Below are records with pictures in them; print them exactly, omitting the pictures.
::: Listed records :::
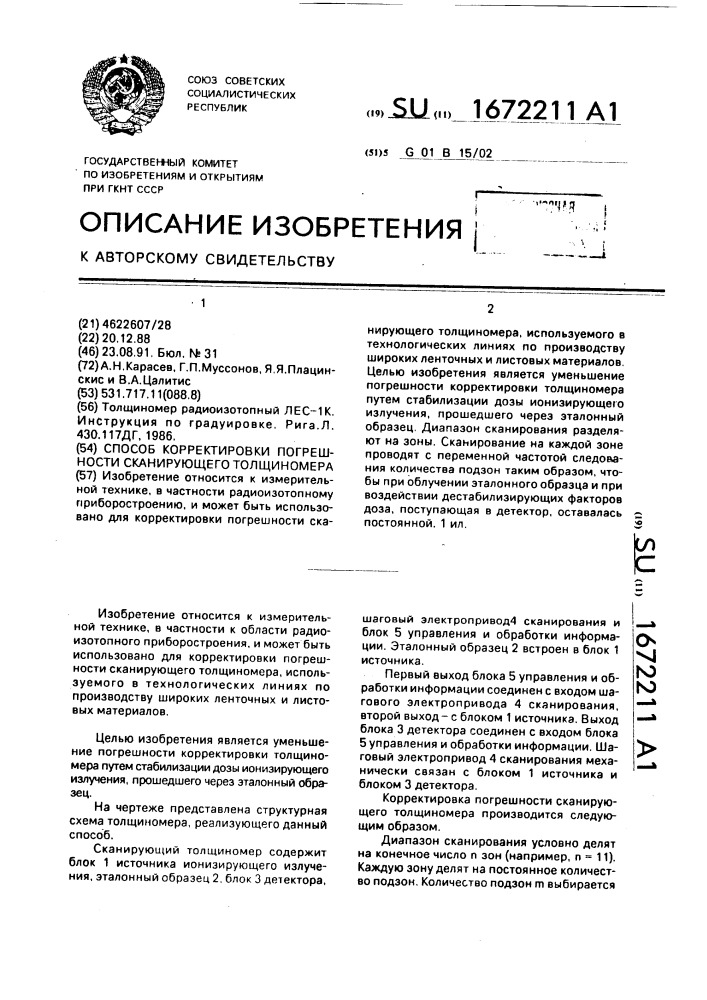 Способ корректировки погрешности сканирующего толщиномера (патент 1672211)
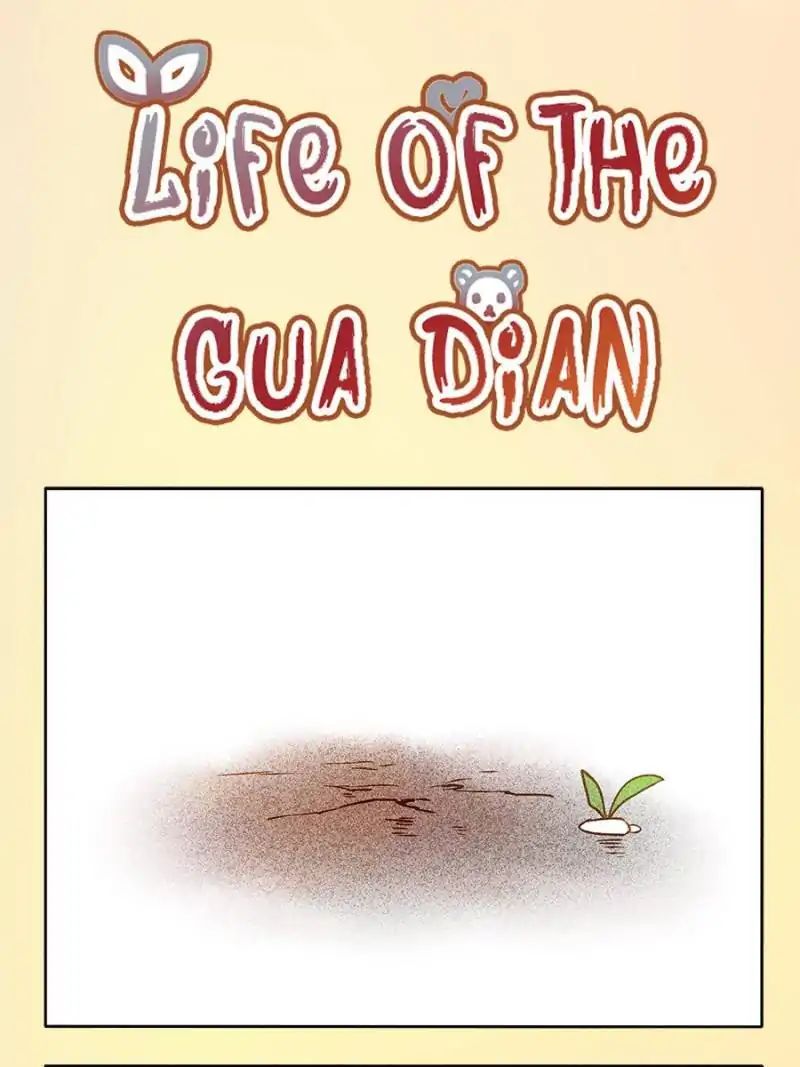 I am Cupid Chapter 29 page 1 - Chapter 29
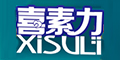 喜素力品牌logo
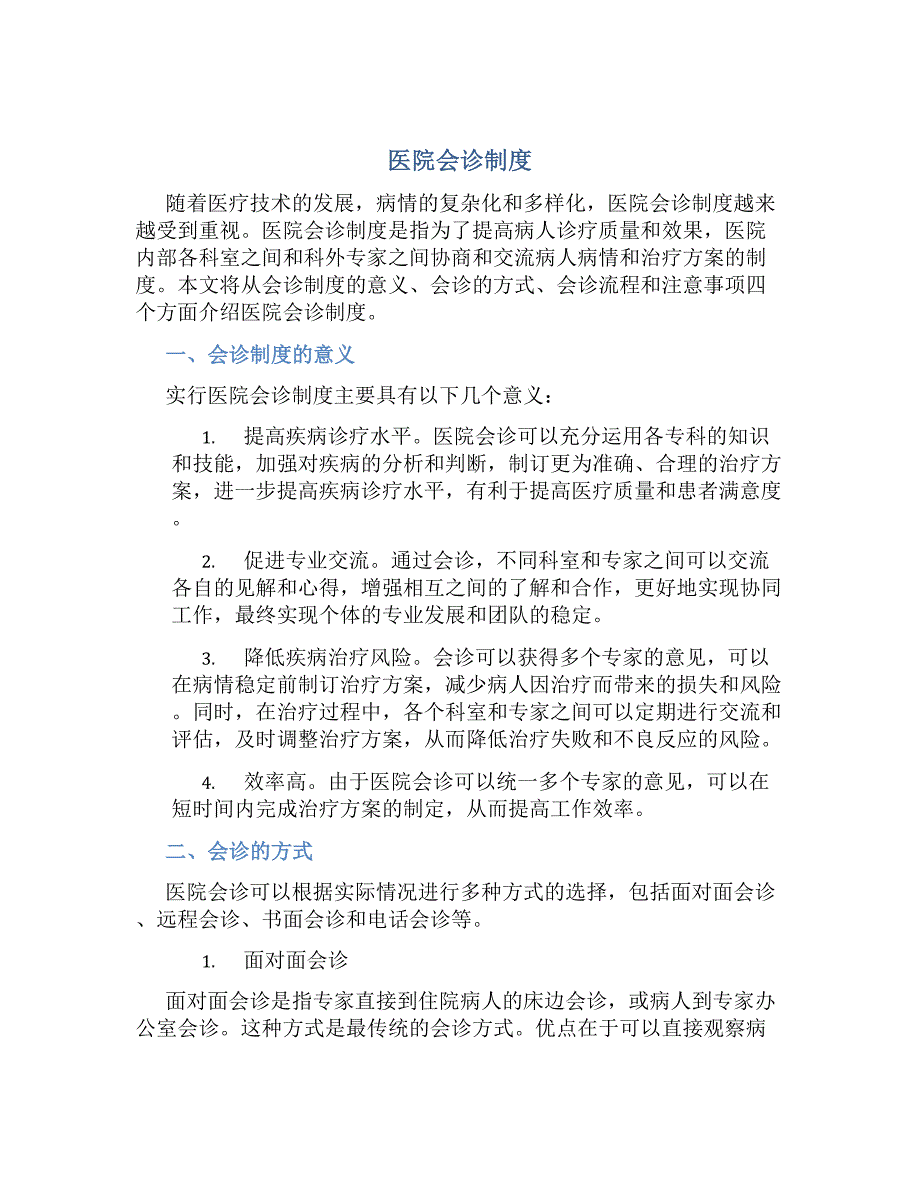医院会诊制度-好用_第1页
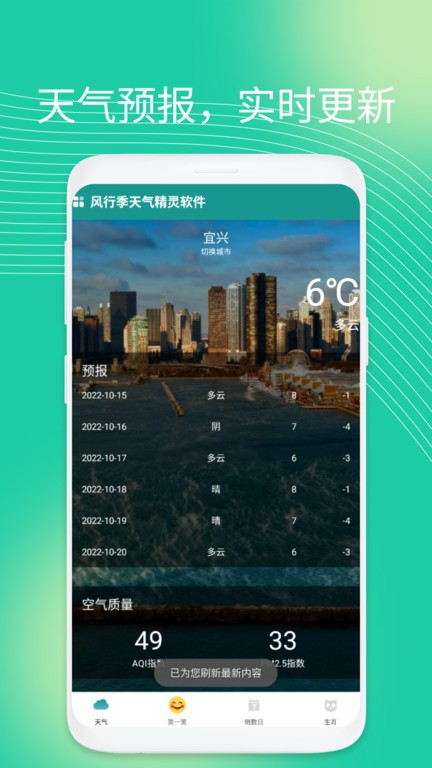 风行季天气精灵软件截图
:::
» Task result:
 Способ корректировки погрешности сканирующего толщиномера (патент 1672211)
 I am Cupid Chapter 29 page 1 - Chapter 29
 喜素力品牌logo
医院会诊制度-好用_第1页
 风行季天气精灵软件截图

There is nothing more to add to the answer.